This invention relates generally to execution environments for programs written for virtual machines.
Unlike other programming languages, some programming languages, such as JAVA®—a simple object oriented language, are executable on a virtual machine. In this manner, a “virtual machine” is an abstract specification of a processor so that special machine code (called “bytecodes”) may be used to develop programs for execution on the virtual machine. Various emulation techniques are used to implement the abstract processor specification including, but not restricted to, interpretation of the bytecodes or translation of the bytecodes into equivalent instruction sequences for an actual processor.
In an object-oriented environment, everything is an object and is manipulated as an object.

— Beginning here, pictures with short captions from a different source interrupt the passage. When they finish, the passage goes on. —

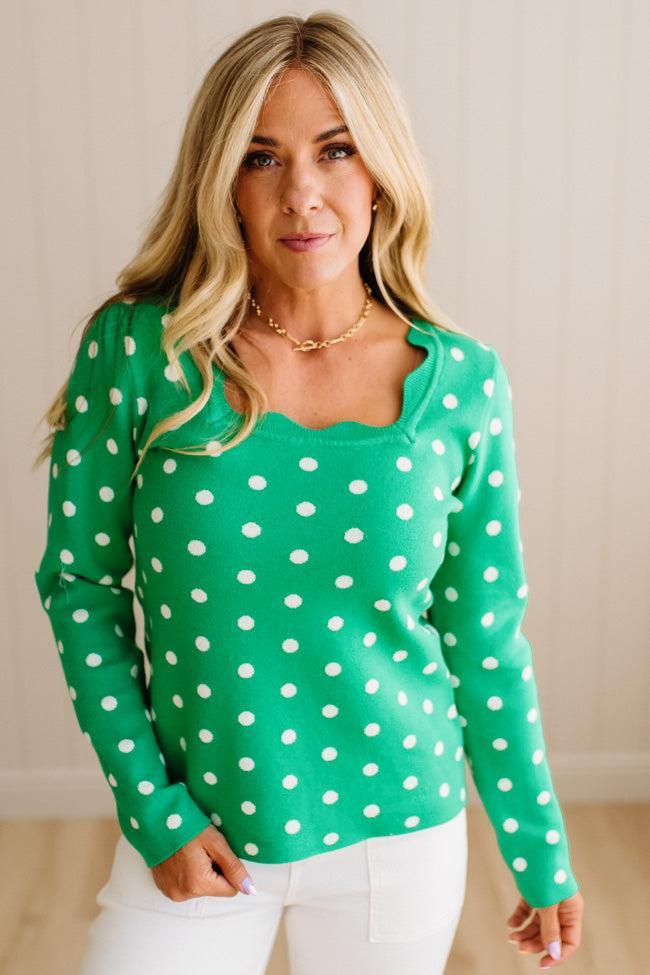 Scalloped Square Neck Dot Sweater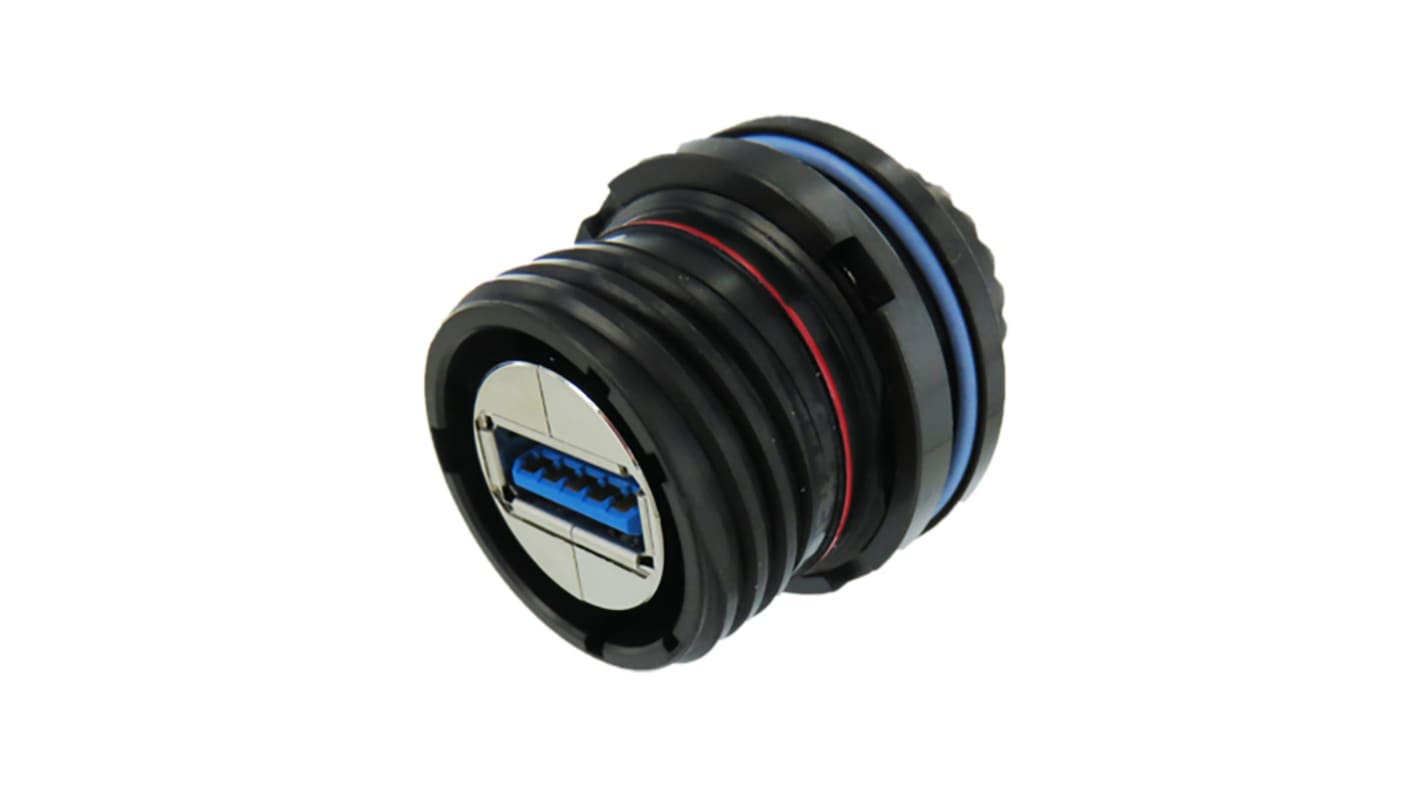 Amphenol Socapex Straight, Jam Nut, Socket Type A 3.2 Gen 1 IP68 USB Connector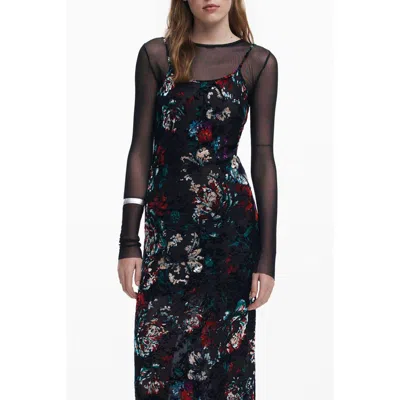 Desigual Floral-print Maxi Dress In Black
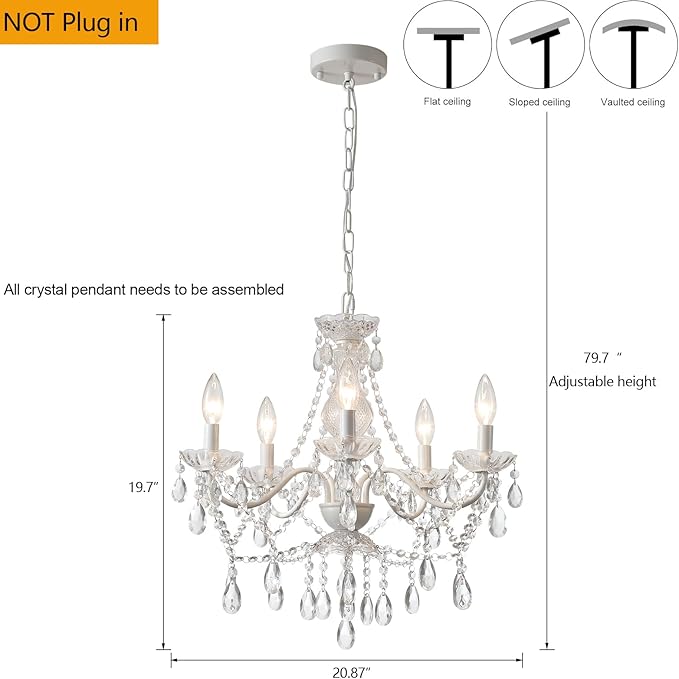 AMZASA Crystal White Chandelier, Ceramic White Hanging Pendant Light,Crystals Pendant and Glass Dish,5 Light Crystal Chandeliers for Ceiling Medallions,Wedding,Dining,Kitchen, Foyer,Mini
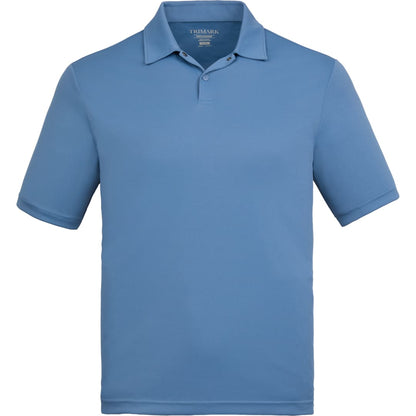 Front View of Blue DARA SS Polo - Men's plain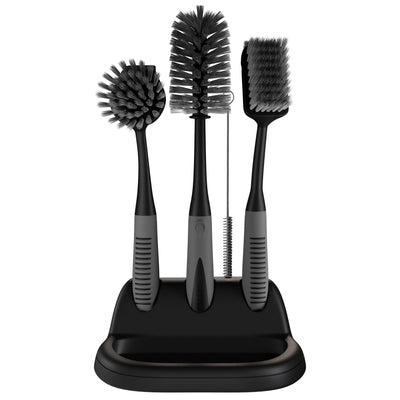 Dish Brush Set of 5 with Convenient Holder, Bottle Water Brush, Dish Scrub Brush, Scrubber Brush and Straw Brush - Kitchen Scrub Brushes Non Slip Long Handle for Sink Dishes Cup Pot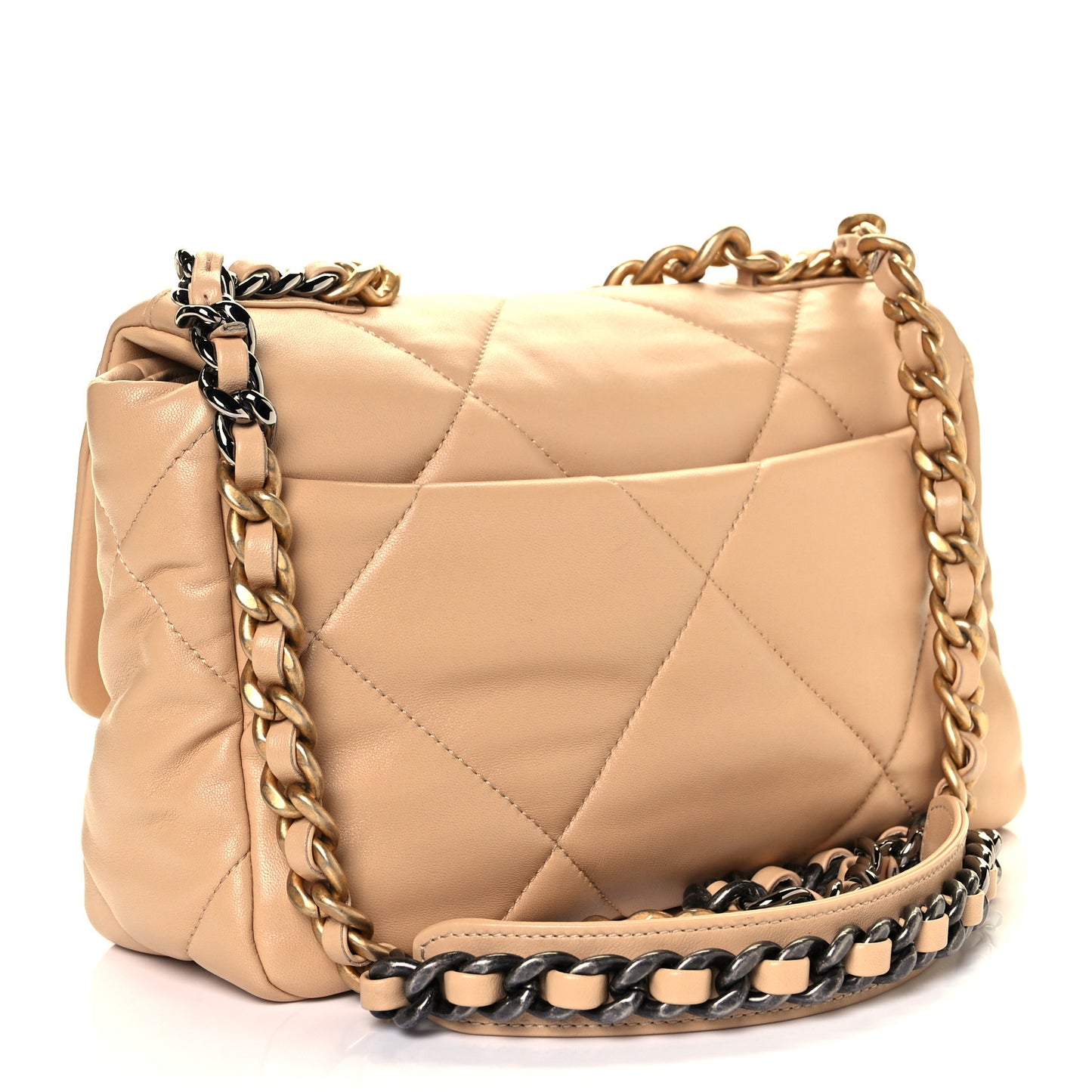 Lambskin Quilted Medium Chanel 19 Flap Light Beige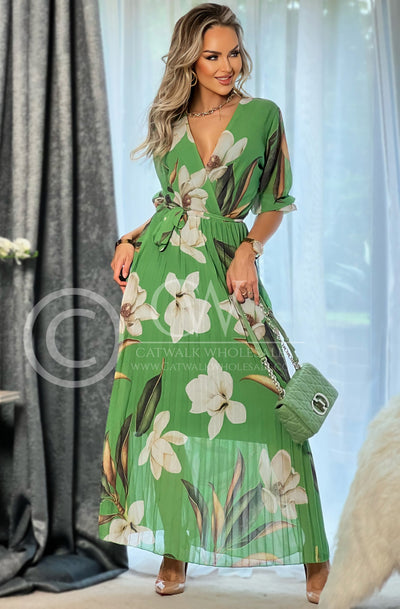 Zita Floral Chiffon Pleated Maxi Dress-Green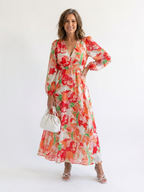 Floral Wrap Front Maxi Dress with Long Sleeves and Ruffle Tiered Skirt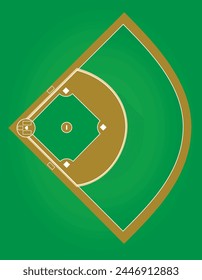 Baseball field. top view. vector illustration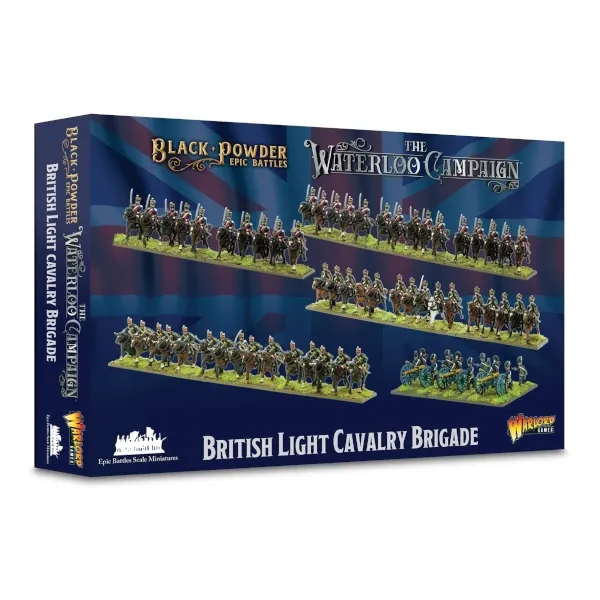 Black Powder Epic Battles British Light Cavalry Brigade box showing Waterloo Campaign cavalry miniatures.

Objects communicate with one another by sending and receiving messages. When an object receives a message, the object responds by executing a method, that is, a program stored within the object determines how it processes the message. The method has method information or metadata associated therewith.
For modem programming systems, a common task is to query method metadata given a code address (or instruction pointer, IP). A representative usage is identifying method information for a specific frame during stack unwinding; another typical usage is locating method symbols by a sampling-based profiler. The efficiency of the query implementation is ideally essential to the system performance, especially for managed runtime environments where the lookup time is part of run time. Conventional query implementation may employ a data structure, e.g., method lookup table, to save the starting and ending addresses of each method after the compiler generates its code. The data structure may be a linear sorted array that reduces search time. This mechanism works well for traditional static or runtime environments on desktops and servers.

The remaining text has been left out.